Monday, January 25, 2010

Besson Does an About-Face



Will the real Eric Besson please stand up!

« La France n’est ni un peuple, ni une langue, ni un territoire, ni une religion, c’est un conglomérat de peuples qui veulent vivre ensemble.

Il n’y a pas de Français de souche, il n’y a qu’une France de métissage »

In a highly controversial speech delivered on January 5 to the immigrant population of La Courneuve, Minister of Immigration and National Identity Eric Besson uttered the above statements, which translate:

"France is not a people, or a language, or a territory, or a religion, it is a conglomerate of peoples who want to live together. There is no ethnic Frenchman, there is only an ethnically mixed France."

I reported on his statements here. He made similar statements in his debate with Marine Le Pen on January 14.

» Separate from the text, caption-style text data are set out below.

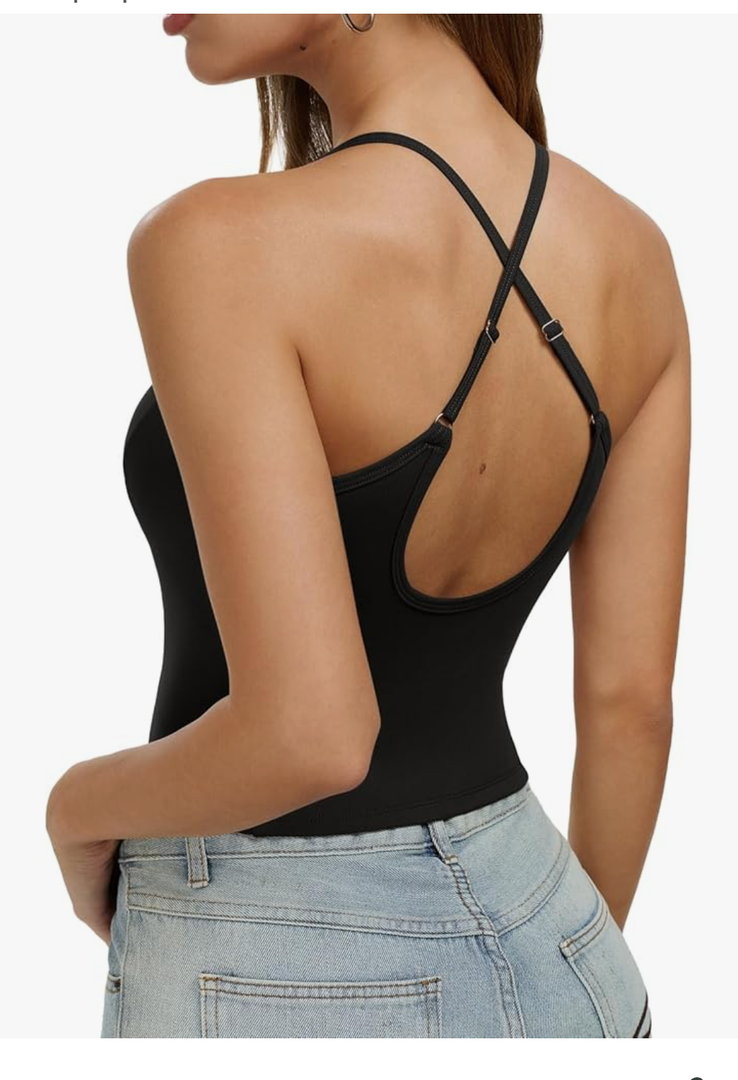 Women's Sexy Halter Backless Tank Top Sleeveless Summer Y2K Basic Going Out Fitted Cami Crop Tops, L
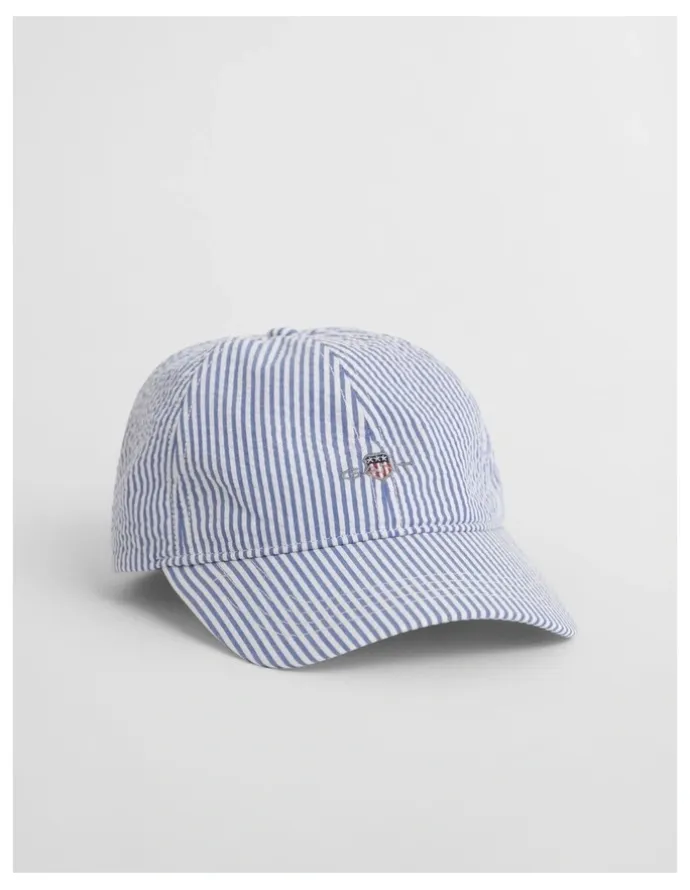Gant Striped Seersucker Cap in Rich Blue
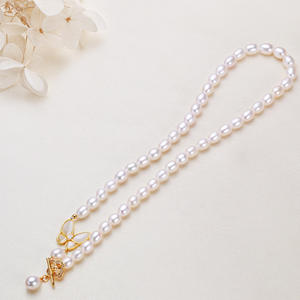 Collar de Perlas de Agua Dulce con Incrustaciones de Microcirconitas Geométricas Tridimensionales al por Mayor, Cierre OT, Concha de Mariposa, Joyería Premium - Product Image 3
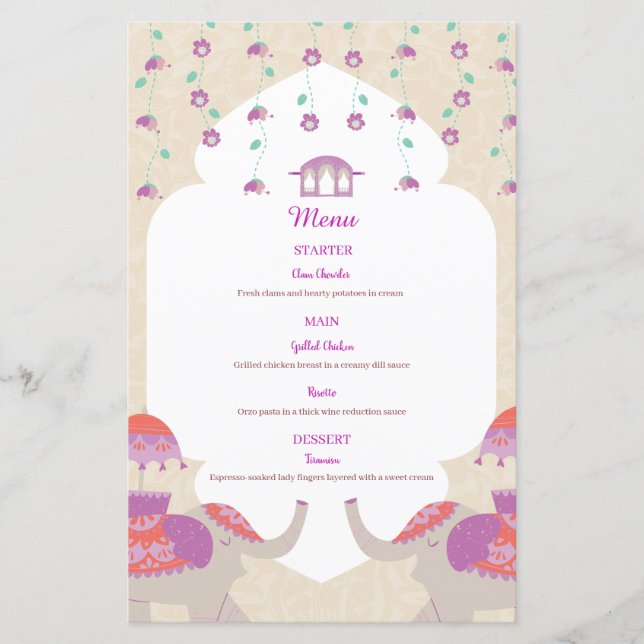 Indiska Elegance Bröllop Menu (Framsida)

His statements, though exceptionally blunt, were in keeping with the Sarkozy doctrine of métissage, a doctrine that aims to change the face of France from that of a white European nation with a Christian foundation, and a Greek cultural heritage, into an Arabic/Islamic/African salmagundi without discernible and protective borders, and without a dominant white European culture.

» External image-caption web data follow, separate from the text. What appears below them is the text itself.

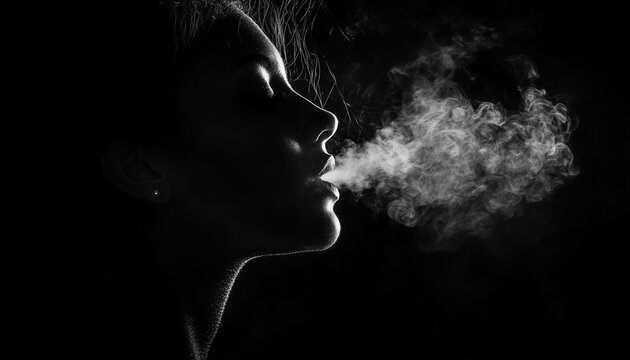 silhouette of a person smoking a cigarette. black and white of woman exhaling smoke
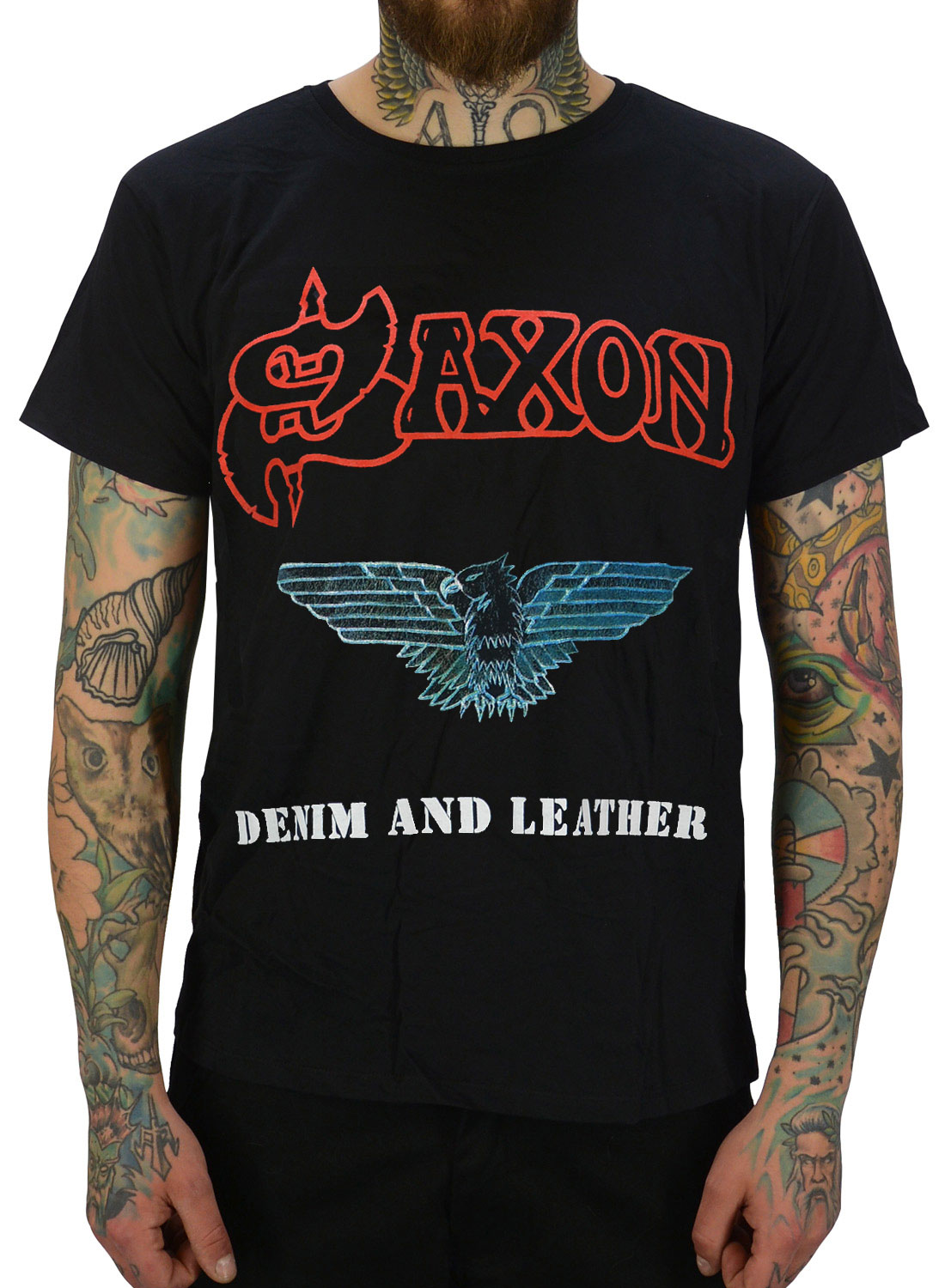 Saxon Denim & Leather T-paita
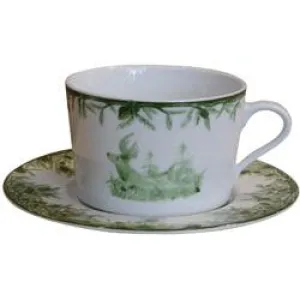 Green Deer 11 oz Cup & Saucer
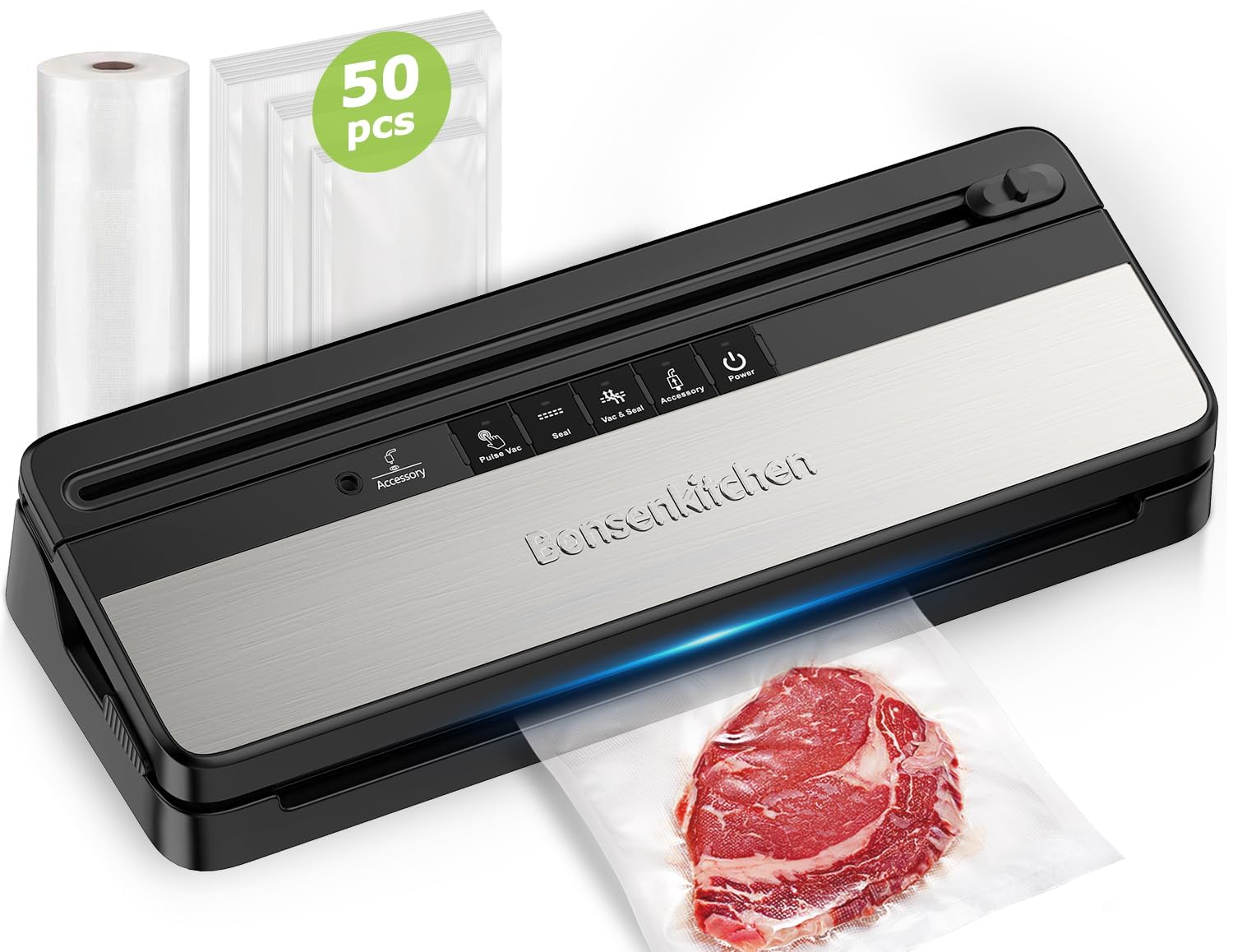 Bonsenkitchen Vacuum Sealer Machine - Automatic Food Sealer with 50 Bags & 1 Roll, Built-in Cutter | High-Speed Continuous Sealing for Meat, Cheese, Vegetables | Compact Design for Kitchen, Camping & Meal Prep (Black)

Now Eric Besson has retracted, or rather revised, his statements. Here is an article from L'Express, linked by François Desouche:

In a communiqué, Minister of Immigration and National Identity Eric Besson declares that the French nation is made up of one people alone and a Republic indivisible and that he was misunderstood when he portrayed it on January 5 as a "conglomerate of peoples."

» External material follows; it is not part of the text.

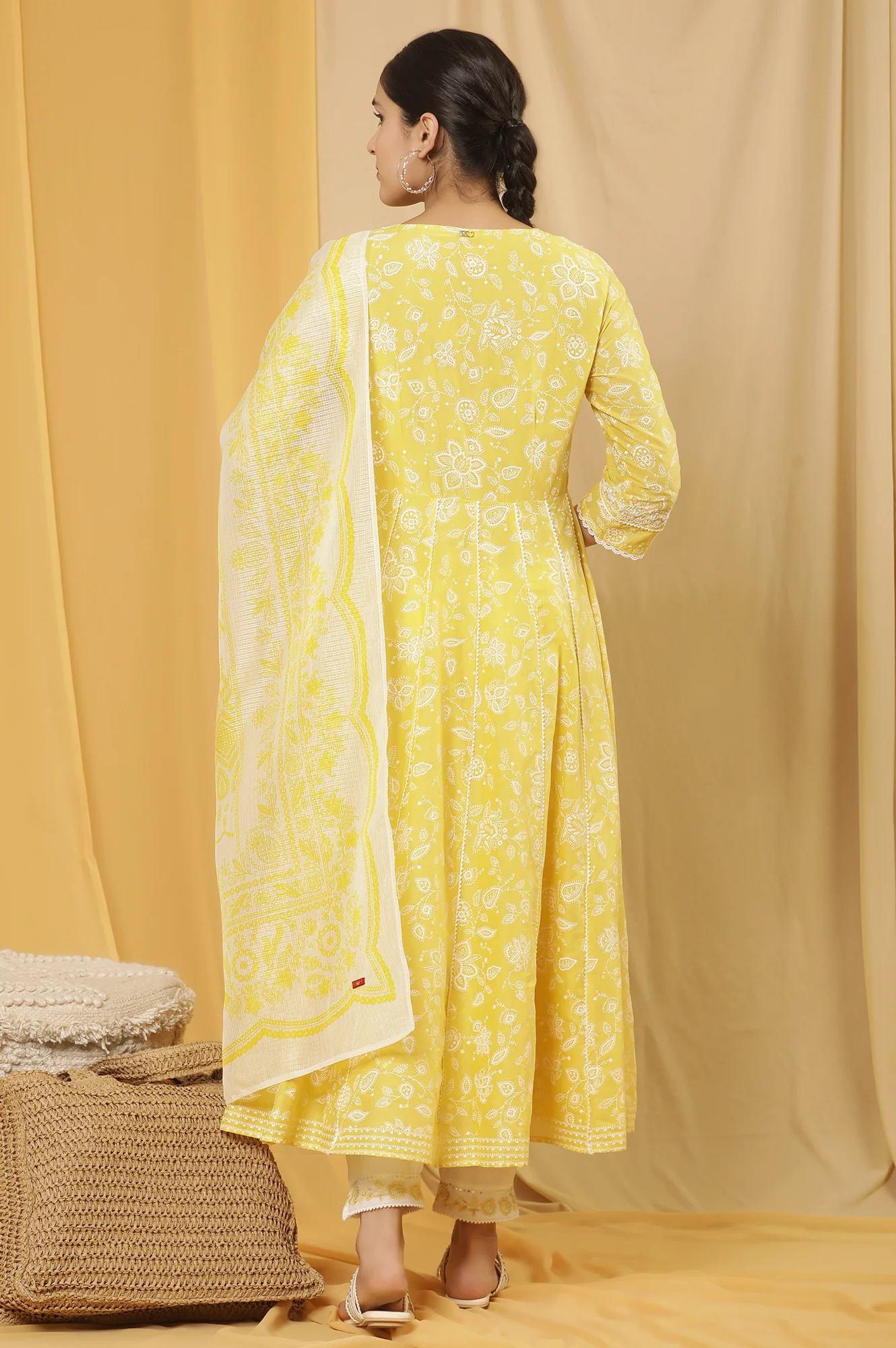Yellow Floral Printed Flared Kurta, Pants And Dupatta Set - Image 4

He explained on Friday (January 22) that he wanted to dissipate any misunderstanding, in view of the fact that his words resulted in his being called an "immigrationist" by the president of the Front National Jean-Marie Le Pen.

Note: There's a contradiction here. Shouldn't he be GLAD to have attracted criticism from JMLP? Why does he not just say, "Yes! I am an immigrationist! And proud of it!"

During a debate in the suburb of Seine-Saint-Denis, on national identity, a topic that has aroused lively debate in France, Eric Besson had declared that France was a "conglomerate of peoples who want to live together." On Friday he explained that "this schematic shortcut could have been wrongly interpreted as being my definition of the French nation".

The minister emphasized that during this debate he was talking about "France before it was called France, the France of the scattered tribes described by Julius Caesar in his Commentaries on the Gallic Wars."

"I had in mind the words of Mirabeau on what was not yet France (an 'aggregate of disunited peoples'). And I spoke of a 'conglomerate of peoples'", he added.

Eric Besson made a reference to his book Pour la Nation (For the Nation), in which he defends the idea of a Nation created by a strong State, where origins have been transcended, and bound together since 1539 by the French language.

The French nation is "one people alone, one language, one territory, values and institutions: the Republic", he stated with assurance.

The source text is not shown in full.